Introduction

IN a memorable and ringing affirmation, D. H. Lawrence called the novel 'the one bright book of life.' For Lawrence the novel was much more than a literary genre; it was a means to intensely vital knowledge, far superior to science or philosophy or religion. In place of their abstract and partial views of life, the novel offered the 'changing rainbow of our living relationships.' But at about the same time that Lawrence was celebrating the power of the novel to give its readers the full and authentic feel of human experience, the Hungarian literary critic Georg Lukács more somberly traced its degenerative descent from classical epic. Describing the novel in gloomy and decidedly melodramatic terms as the epic of a world 'abandoned by God' and as a record of modern humanity's homelessness in The Theory of the Novel: A Historico-Philosophical Essay on the Forms of Great Epic Literature (1920), Lukács looked back to the immediacy and communal integrity of ancient epic and saw the novel as the expression of what he called a dissonance in modern life whereby individuals are estranged from the external world.
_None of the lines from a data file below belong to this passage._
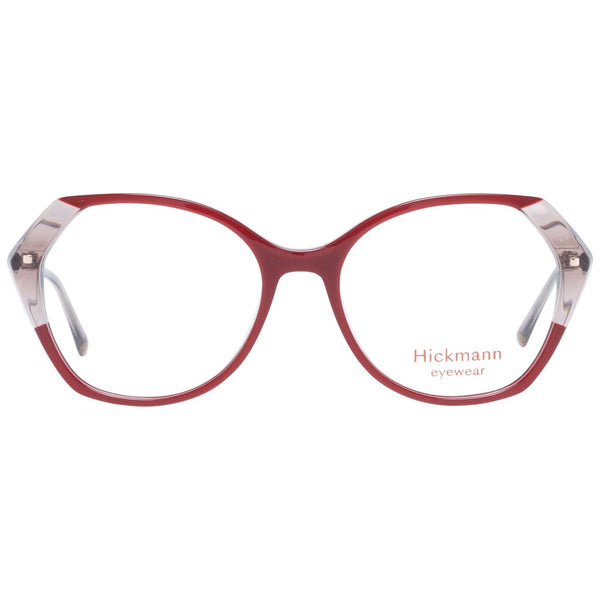 Red Women Optical Frames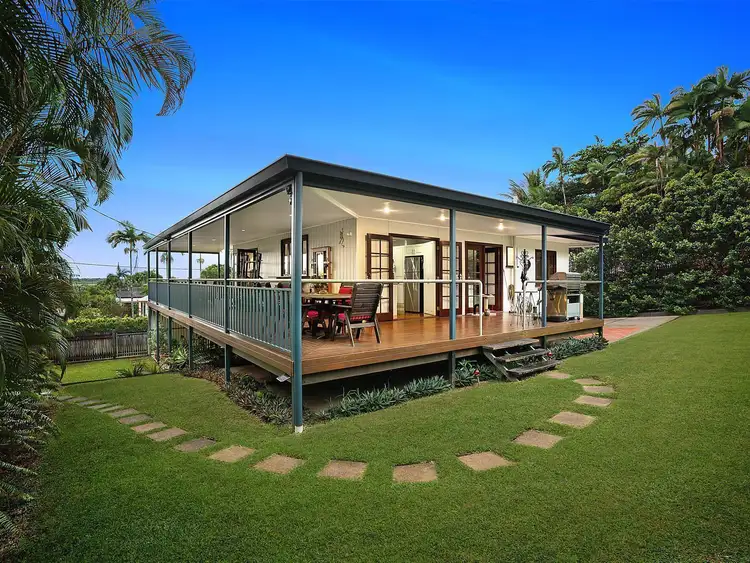 Second view of Homely house listing, 33 Behan Street, Stratford QLD 4870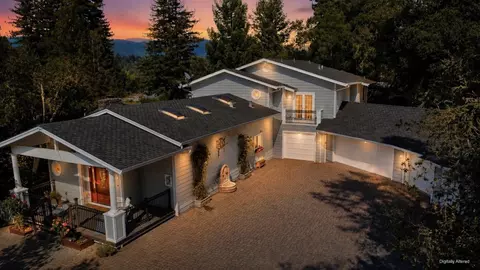 24010 Summit Woods Dr, Los Gatos, CA 95033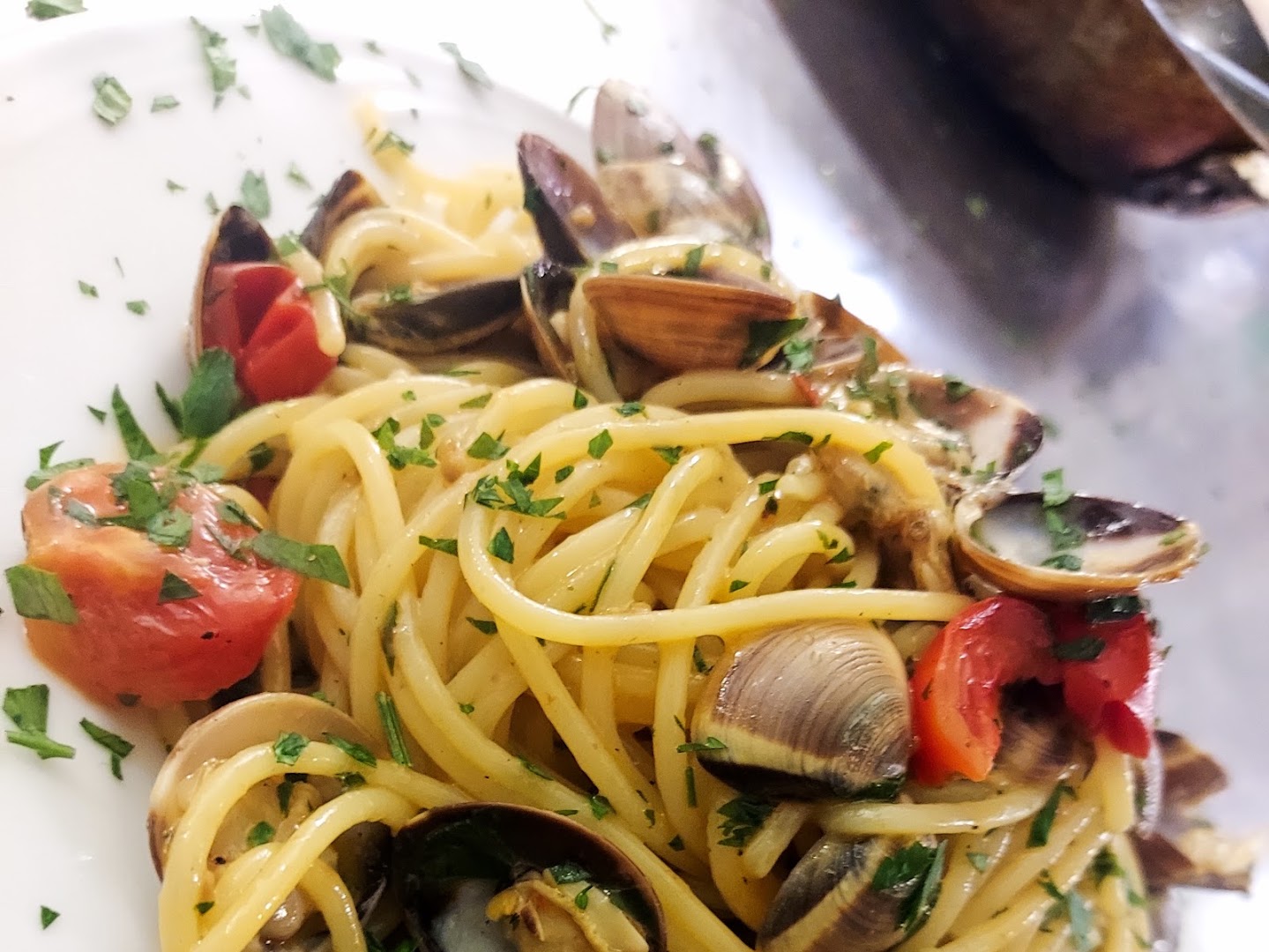 Ristorante Pizzeria Mentirosa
The novel records, he said, a profound irony at the heart of modern experience 'within which things appear as isolated and yet connected, as full of value and yet totally devoid of it, as abstract fragments and as concrete autonomous life, as flowering and as decaying, as the infliction of suffering and as suffering itself.' During the 1920s Lawrence saw the novel as the unique record of concrete and living experience, whereas for Lukács, writing in Central Europe during the bitter aftermath of World War — ix- World War, it was symptomatic of the ironic and contradictory confusion peculiar to modern life in the West.

Whether taken as a rapturous affirmation of the possibility of individual fulfillment or as a depressing rendition of modern emptiness and alienation, the novel has invariably been understood by critics and novelists alike as the distinctively modern literary form, a response to uniquely modern conditions. Lawrence and Lukács agreed that modern life was deeply unsatisfactory, but they had opposite notions of what the novel could do to ameliorate it. For Lawrence the novel could transfigure and vivify life; for Lukács the novel eloquently but helplessly recorded its despair and emptiness. A third and to my mind more relevant attitude regarding the purpose of the novel, and one that takes a broader historical and literary perspective, has since emerged for modern criticism. For M. M. Bakhtin, a Russian critic whose neglected writings from the Stalinist period were rediscovered by Western readers in the 1970s, the novel was not only the unique marker of European modernity but a literary mode that expressed, in its essential and defining formal qualities, revolutionary and, potentially, utterly liberating linguistic energies.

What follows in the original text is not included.